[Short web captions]
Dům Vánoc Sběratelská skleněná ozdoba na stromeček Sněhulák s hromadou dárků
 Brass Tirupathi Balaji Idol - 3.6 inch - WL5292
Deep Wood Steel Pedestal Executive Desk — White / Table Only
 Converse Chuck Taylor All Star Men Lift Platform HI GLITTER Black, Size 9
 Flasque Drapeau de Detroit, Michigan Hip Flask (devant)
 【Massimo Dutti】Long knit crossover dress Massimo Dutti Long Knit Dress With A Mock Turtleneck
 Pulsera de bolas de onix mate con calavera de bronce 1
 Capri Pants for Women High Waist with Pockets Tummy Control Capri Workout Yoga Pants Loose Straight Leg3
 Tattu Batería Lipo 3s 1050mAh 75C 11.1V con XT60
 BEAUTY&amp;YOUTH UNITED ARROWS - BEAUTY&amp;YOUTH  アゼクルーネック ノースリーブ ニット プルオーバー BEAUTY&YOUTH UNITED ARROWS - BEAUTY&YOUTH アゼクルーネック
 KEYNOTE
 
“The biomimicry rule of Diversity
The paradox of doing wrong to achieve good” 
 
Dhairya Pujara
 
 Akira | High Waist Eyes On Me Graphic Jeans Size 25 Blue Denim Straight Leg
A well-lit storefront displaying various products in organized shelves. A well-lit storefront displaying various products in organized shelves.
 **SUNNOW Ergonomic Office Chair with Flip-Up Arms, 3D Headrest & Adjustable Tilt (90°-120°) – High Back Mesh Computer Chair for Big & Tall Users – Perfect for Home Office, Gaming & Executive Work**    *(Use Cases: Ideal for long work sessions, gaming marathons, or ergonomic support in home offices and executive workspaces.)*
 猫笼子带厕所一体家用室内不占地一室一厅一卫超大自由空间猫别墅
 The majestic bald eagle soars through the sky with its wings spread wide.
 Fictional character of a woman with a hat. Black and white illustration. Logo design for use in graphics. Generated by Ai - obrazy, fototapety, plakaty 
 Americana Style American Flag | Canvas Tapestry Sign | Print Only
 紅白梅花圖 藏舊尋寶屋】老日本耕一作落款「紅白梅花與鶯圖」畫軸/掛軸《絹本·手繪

▶ _What you will do_:
Starting with the line that holds "rule of Diversity" and ending with the line that holds "Akira | High", retype every line in the data above exactly, and nothing else.

▶ _Result of this exercise_:
“The biomimicry rule of Diversity
The paradox of doing wrong to achieve good” 
 
Dhairya Pujara
 
 Akira | High Waist Eyes On Me Graphic Jeans Size 25 Blue Denim Straight Leg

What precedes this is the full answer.